7. Nada Personal

La familia había juntado sillas para acostarse y estaban todos dormidos, bien envueltos en sus abrigos. El viejito había terminado de limpiar y desaparecido. Silvia lo imaginó durmiendo en algún cuartito diminuto, con un tocadiscos en el que giraba un vinilo de Sinatra.

En el corredor, le mostró a Jay cómo hacer funcionar la máquina expendedora, y su sonrisa triunfal cuando logró procurarse su propio café la hizo volver a reír.

—Esta m****a me hizo sudar por nada —dijo, y le dirigió una mirada culpable—. Disculpa mi lenguaje.

Ella fingió persignarse. Jay alzó una sola ceja. Cruzaron la sala de espera de regreso a su rincón todavía sofocando la risa.

—Así que Argentina —dijo Jay volviendo a sentarse—. Buenos… ¿Aires? Oí decir que es una gran ciudad.

—Sí, demasiado grande para mi hígado.

—¿No vives allí?

—No, soy de la Patagonia.

—Oh, a mí me encantan las grandes ciudades —dijo Jay, convencido, y la vio mirar alrededor antes de volver a enfrentarlo con gesto interrogante—. Bien, no vivo aquí, ¿verdad? De lo contrario, tendría una maldita balsa en vez de un condenado auto de alquiler descompuesto.

Rieron juntos una vez más. Él probó su café, pensando que le caía bien la fan. Pero si pretendía permanecer en el anonimato, tenía que cambiar de tema.

—¿Y qué m****a haces aquí?

Silvia frunció el ceño. —¿Acaso eres de la Migra?

—Y estoy listo para deportar tu trasero latino.

—¡Por favor! —Silvia le ofreció sus muñecas para que las esposara—. ¡Cualquier cosa con tal de largarme de aquí!

—¿Verdad? ¿Tal vez hacer un poco de alboroto bastaría para que vinieran por nosotros? No me importa si es un patrullero.

—Olvídalo. El único patrullero del pueblo es más viejo que la máquina de café. Jamás llegaría hasta aquí con esta tormenta.

—Oh, de modo que vienes del pueblo al norte de aquí.

—Vamos.

A Silvia le gustaba la forma en que Jay alzaba las manos cuando lo descubrían haciendo o diciendo algo indebido.

—Muy bien, comprendo. Sin preguntas personales.

—A menos que quieras que vuelva a llorar.

—Ni en un millón de años.

—Tu cretino interior es bastante sensato.

Esta vez tuvieron que cubrirse la boca para acallar la risa. No porque estuvieran siendo extremadamente graciosos o listos, sino porque era agradable descubrir que tenían un sentido del humor similar.

Jay suspiró frotándose los muslos. —Daría cualquier cosa por una cerveza —murmuró.

Silvia asintió. —Y yo por un cigarrillo, pero hace demasiado frío en el corredor.

Él miró alrededor. —¿Quién va a venir a regañarnos si fumamos aquí?

Ella vaciló y sacó sus cigarrillos.

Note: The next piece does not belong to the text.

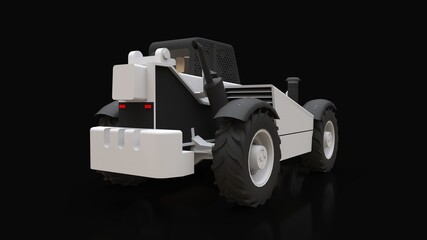 Forklift truck on a black background. 3d rendering.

Le ofreció uno a Jay sólo porque había hablado en plural, pero se dio cuenta de inmediato que distaba de ser un fumador, y sólo lo había dicho por complicidad con ella. Luego de un par de minutos de disfrutar que no necesitaba morirse de pulmonía para aplacar su adicción a la nicotina, Silvia lo vio revisar su teléfono.

—¿Sin señal?

—Nada.

—Ahí tienes la era de las comunicaciones globales.

—Ni que lo digas. Un poco de lluvia y estamos de vuelta en la jodida edad de piedra.

—Ésa es una buena idea para una canción.

Jay le dirigió otro vistazo suspicaz, pero Silvia volvía a mirar hacia afuera, y sus palabras no habían sonado irónicas. ¿O tal vez sí lo había reconocido, y se limitaba a respetar su decisión de permanecer anónimo?

Se preguntó por qué estaba tan decidido a ocultar su identidad. Siempre había disfrutado los privilegios de la fama. Sin embargo, esa noche quería ser otra persona. Alguien sin nombre perdido en medio de la nada.

Fumaron en silencio.

De pronto parecían no tener nada más para decir. Permanecieron allí sentados, abstraídos en sus propios pensamientos, pero esperando que el otro les dirigiera la palabra, de modo que tratar de dormir, leer o hacer cualquier otra cosa resultaba desconsiderado.

El silencio se prolongó entre ellos, haciendo lugar al rumor constante de la lluvia.